To contradict myself again, if you were to only have maybe 100 tickets (aka something manageable) per user then the update operation would likely not be too bad and would, in fact, by manageable for the database quite easily; plus due to the lack of movement (hopefully) of the documents this would be a completely in place update.

So whether this should be embedded or not depends heavily upn your querying and documents etc, however, I would say this schema isn't a good idea; specifically due to the duplication of changing data across many root documents. Technically, yes, you could get away with it but I would not try.

I would instead split the two out.

If I have objects (subdocuments) in a document, can I update them all in a single query?

Just like the relation style in my original answer, yes and easily.

For example, let's update the role of Nigel to MD (as hinted earlier) and change the ticket status to completed:

db.tickets.update({'reporter.username':'Nigel'},{$set:{'reporter.role':'MD', status: 'completed'}})
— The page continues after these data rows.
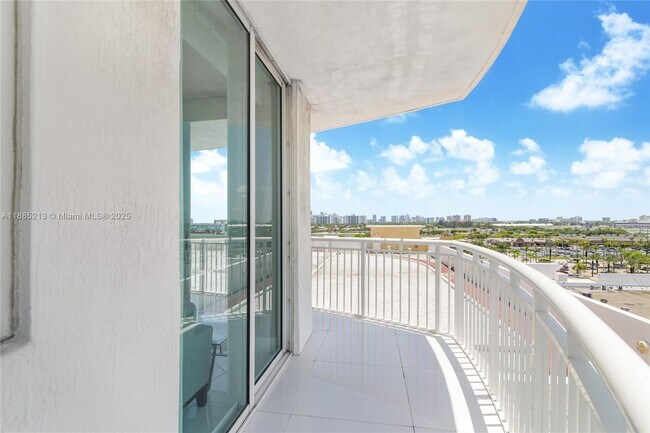 Building Photo - 1745 E Hallandale Beach Blvd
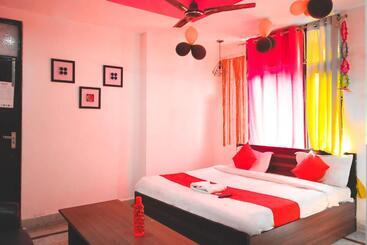 Hotel Roomshala 124 Royal Inn Rohini   Sector 16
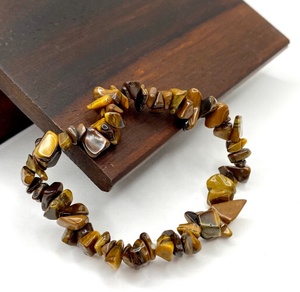 Vente en gros d'Oeil de Tigre Personnalisé Puces Pierre Cristal Bracelets Pierres Précieuses Bracelets Unisexe Naturel Amour Folklorique Mariage Art Style Cadeaux - Product Image 1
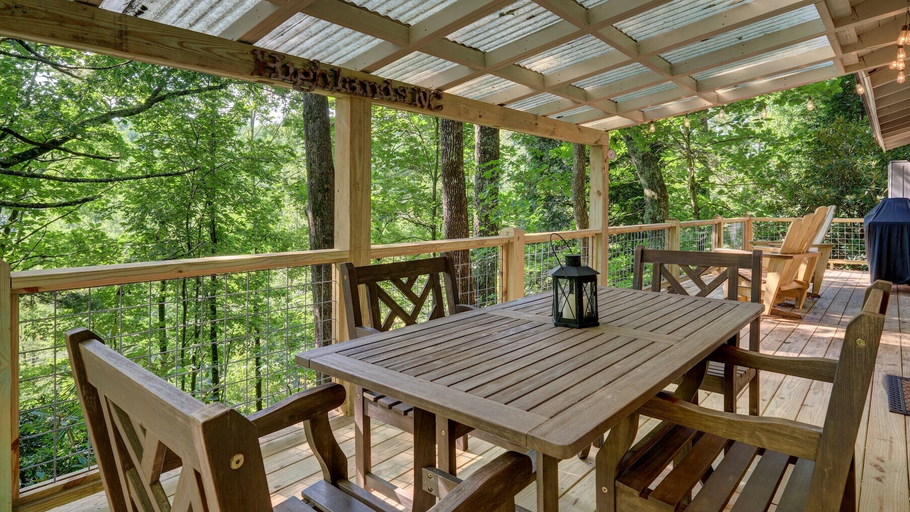 Others 3, Mountain Laurel Tree House, Macon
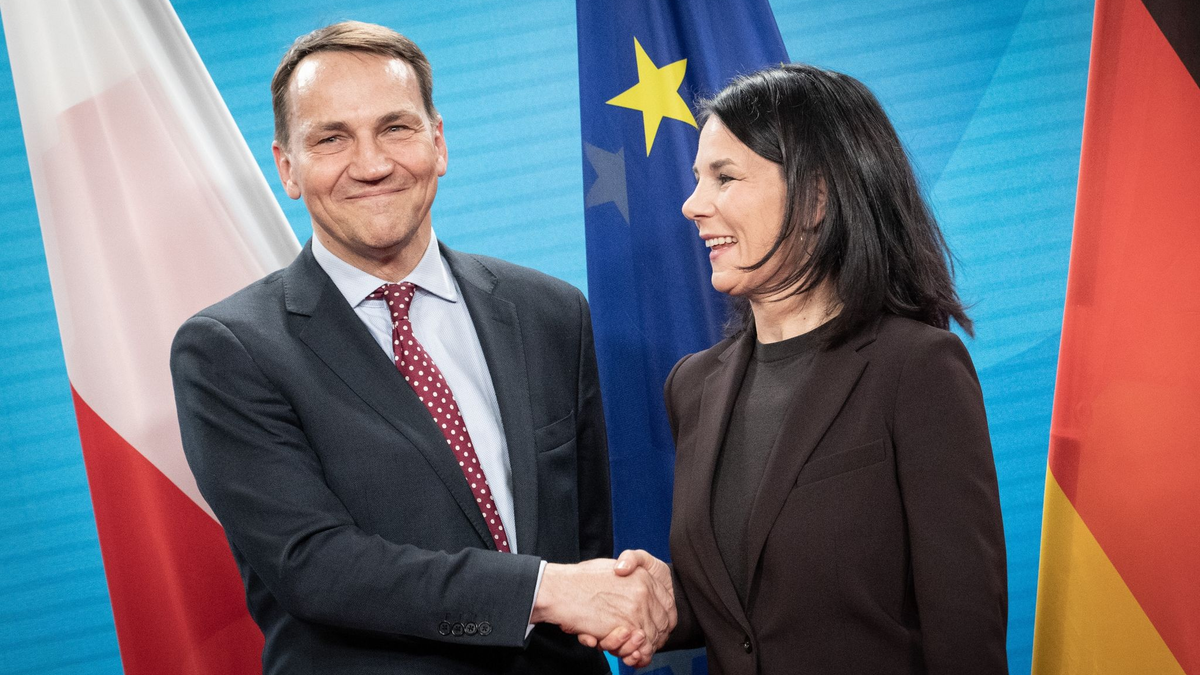 Die Außenminister von Deutschland und Polen, Annalena Baerbock und Rados?aw Sikorski, wollen den 20. Jahrestag des EU-Beitritts von Polen mit einem feierlichen Treffen würdigen. - Foto: Michael Kappeler/dpa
So a single document schema does make CRUD easier in this case.

One thing to note, stemming from your English, you cannot use the positional operator to update all subdocuments under a root document. Instead it will update only the first found.

Again hopefully that makes sense and I haven't left anything out. HTH

Original Answer

here I have a user related to the issue). Should I create another document 'user' and reference it in 'issue' document by its id (like in relational databases), or should I leave all the user's data in the subdocument?

This is a considerable question and requires some background knowledge before continuing.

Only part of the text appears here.